Exactly this, I would just get the pre made frozen pie crusts. If you can’ t find the ones with a top crust just get the pack of two “bottoms” in their pans and let the crust thaw and peel it from the pan and simply lay it onto the remaining filled crust and crimp the edges, and cut slits in the top to vent. I have always enjoyed the mince pies that have a crunchy brown and sugared top crust… you can simply brush the top crust with milk and sprinkle on granulated sugar if you like it this way.
The graham cracker crust and no-bake idea just doesn’t sound very tasty to me.
Why not? Pasta carbonara is bacon & eggs. Lots of meats are cooked in cream sauces.
At it’s heart, ice cream is nothing more than eggs & milk (or just the creamy bits of milk).
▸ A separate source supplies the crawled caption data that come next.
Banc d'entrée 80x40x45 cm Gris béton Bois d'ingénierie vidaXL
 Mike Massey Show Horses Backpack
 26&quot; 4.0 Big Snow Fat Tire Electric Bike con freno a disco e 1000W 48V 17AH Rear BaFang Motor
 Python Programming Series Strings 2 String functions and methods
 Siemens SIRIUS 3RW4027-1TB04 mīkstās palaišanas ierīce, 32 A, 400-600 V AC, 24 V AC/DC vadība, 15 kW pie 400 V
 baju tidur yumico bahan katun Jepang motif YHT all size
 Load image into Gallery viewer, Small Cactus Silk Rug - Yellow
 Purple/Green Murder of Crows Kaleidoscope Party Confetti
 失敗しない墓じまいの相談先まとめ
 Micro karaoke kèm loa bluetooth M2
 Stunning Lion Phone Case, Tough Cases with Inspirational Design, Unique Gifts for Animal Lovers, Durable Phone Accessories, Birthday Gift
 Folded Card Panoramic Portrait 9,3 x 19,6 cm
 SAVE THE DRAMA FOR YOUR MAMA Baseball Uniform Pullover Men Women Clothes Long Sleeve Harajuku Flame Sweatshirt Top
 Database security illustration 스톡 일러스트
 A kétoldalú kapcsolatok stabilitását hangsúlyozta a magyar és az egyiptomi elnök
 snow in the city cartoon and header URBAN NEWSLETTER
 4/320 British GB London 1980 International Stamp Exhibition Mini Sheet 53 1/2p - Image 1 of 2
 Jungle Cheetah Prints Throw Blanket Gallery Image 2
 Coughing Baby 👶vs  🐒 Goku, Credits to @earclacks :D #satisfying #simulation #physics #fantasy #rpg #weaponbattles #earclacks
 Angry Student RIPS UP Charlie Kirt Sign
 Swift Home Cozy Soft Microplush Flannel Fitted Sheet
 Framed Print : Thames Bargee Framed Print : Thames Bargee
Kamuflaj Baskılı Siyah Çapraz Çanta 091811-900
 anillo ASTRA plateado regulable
As for the OP, you could probably make a pie with just the graham crust & uncooked mince, but you’ll likely not get the smooth finish to the top (or a top crust, if you like that sort of thing… which I do.), nor the texture you’re looking for.
They sell unbaked “regular” crusts, so it should be easy enough to actually follow the instructions to get a “traditional” pie.
I discovered mincemeat last year. I made an amazing 1/2 apple & 1/2 mincemeat pie. I should make another for this Christmas eve.
I popped in to say that you need to cook mincemeat to melt the suet, then upon reading the thread found out that American mincemeat has no suet…which is an abomination.
I’d get some ready-roll sweet pastry (shortcrust), a 12 hole cupcake tin, an egg, a cup, a fork, a little milk and a pint glass.
Use glass to cut out 24 circles of pastry (just plop it upside down onto pastry and press).
Put 12 circles into greased cupcake tin…1 in each hole.
Put a teaspoon of mincemeat into each one.
Beat egg in a cup, use a pastry brush or (clean) finger to put milk around the edge of the circles.
Put other 12 circles on top as lids, brush with a little beaten egg.
Use fingers to crimp edges down and poke holes in the top (a cross shape of holes is sufficient…i.e. poke fork twice at right angles)
Put mincepies in oven to cook…about 200C/400F/Gas 6 until lightly golden on top (15-20 min)
Would take much less than an hour from start to eating, so I don’t think you have an excuse not to.
Ooo, here’s a pretty picture of mincemeat pies (or tarts) - http://www.allrecipes.com/Recipe/Mini-Orange-Mince-Pies/Detail.aspx. Grandma made hers with a lard crust, tied a cotton rag around it when it was baking to absorb spills. And today I had to explain to a young lady exactly what mincemeat was, she was all ew, ew, eeewww! Now I want mincemeat pie! It’s a serious pie, not fun and frivolous like banana cream.